Plastic surgeons are in a “unique position of having to be very well versed in mental health” and consider “the whole human being,” Van Meter continued. The ethics of their profession demand that they clarify the patients’ expectations up front and not promise to do the impossible, he said.
“The plastic surgeons, amongst themselves, decided, ‘No, we’ve looked at the science. It’s blatantly not there to support removing healthy organs and trying to transform a body to the appearance of the opposite sex from the biological sex.’ And so they just stood up and said … ‘We’re not going to endorse this anymore,’” Van Meter described. Treating gender dysphoria with gender transition procedures, in hopes of producing better health outcomes for minors is “not based on fact. It’s based on hopes and whims. And it’s experimental to do these things to children.”
The ASPS recognition that evidence for gender transition procedures is “low quality” means “that there is no scientific, proven evidence that what they’re recommending actually is beneficial,” he explained. “This takes politics out of the picture and says, ‘Let’s just go back down to the basics.’”
Van Meter illustrated this through a humorous example. “If you put mayonnaise on your nose, is that going to cure cancer?” he asked. “The likelihood is that the evidence is very low. … Therefore, we should not recommend, as an organization, that you put mayonnaise on your nose to cure all of the cancer that might be in your body. … It’s not whether or not you’re leaning left or leaning right. It’s like, ‘Wait a minute, let’s just look at the science.’”
“Medicine needs to progress with evidence … that looks at potential harm versus benefit and balances that fairly and does not fall into an ideology,” argued Van Meter. “So, the low basis for certainty should essentially put a screeching halt to recommendations for interventions such as surgical manipulation or excision of healthy organs.”
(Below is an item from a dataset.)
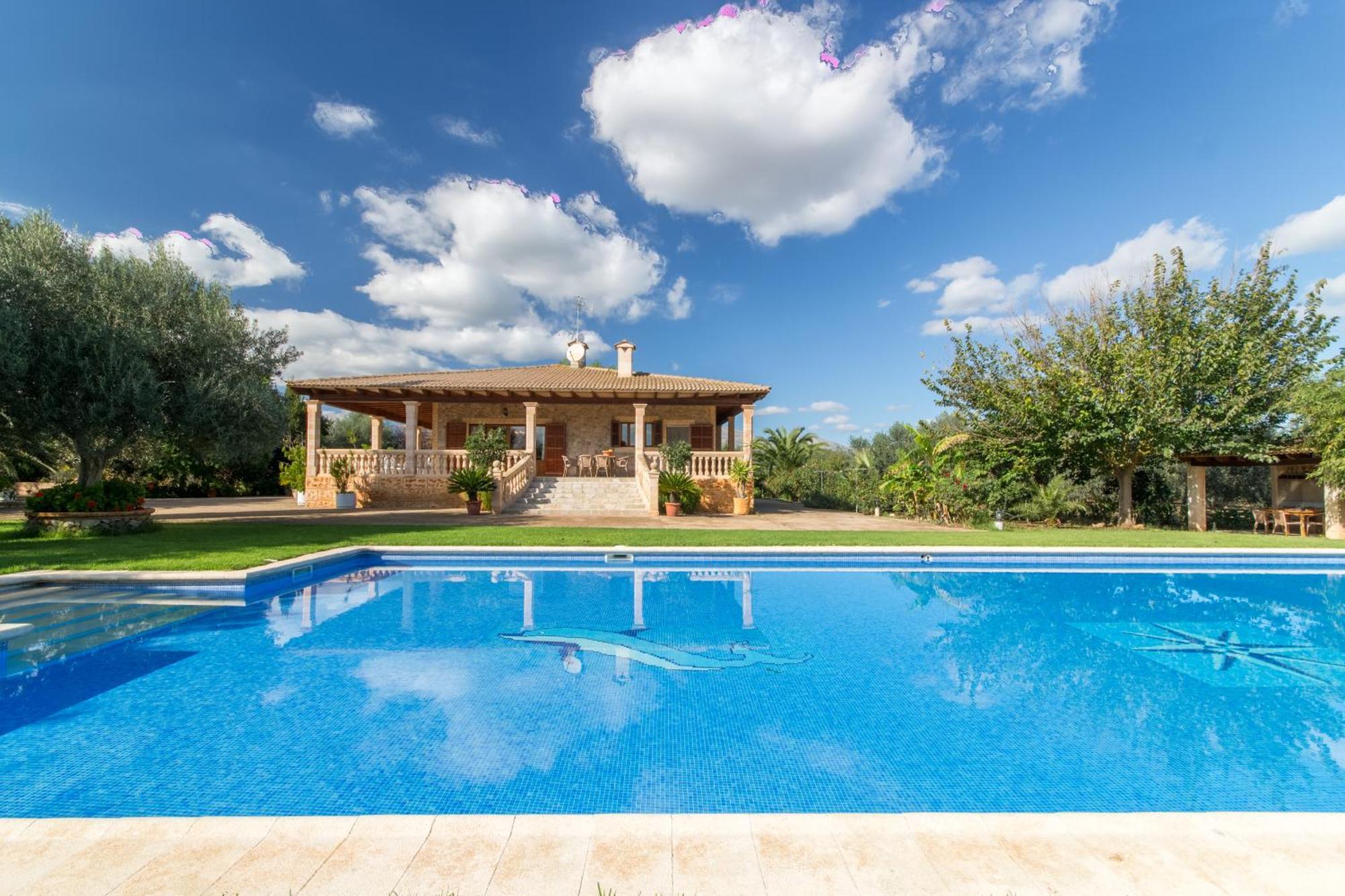 - 22265 Mallorca2 Holiday home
Van Meter believes this depoliticization of gender transition procedures is evident in European countries that have backed away from an aggressive, affirming approach. “Europe tends to be progressive politically. … In many of the countries, [they have] essentially socialized medicine” and “they have been in the business of working with gender dysphoric patients, both children and adults, for about 10 years more than the United States,” he said.
But European countries “started looking, actually, at 10-year and 20-year outcomes, because … if you’re going to provide a treatment, you want to be sure that 20 years out … people … are much better off in the long run. And they found that that wasn’t the case,” he said. So European countries are “putting on the brakes,” he explained, and only allowing gender transition procedures for minors to proceed “on a tightly based, scientifically pure protocol,” hoping “that in 30 or 40 years [it] may have the answer.”
Van Meter hoped American medical organizations would experience a similar about-face and openness to consider the scientific evidence. “I hope to see that the organizations that have been so stalwart here in the United States will actually open a dialogue,” he said, “and at their annual conferences, will open the room to discussion from one end to the other, in front of everybody, so that the membership doesn’t feel like things are being done behind their backs or at a higher level.”
Joshua Arnold is a senior writer at The Washington Stand.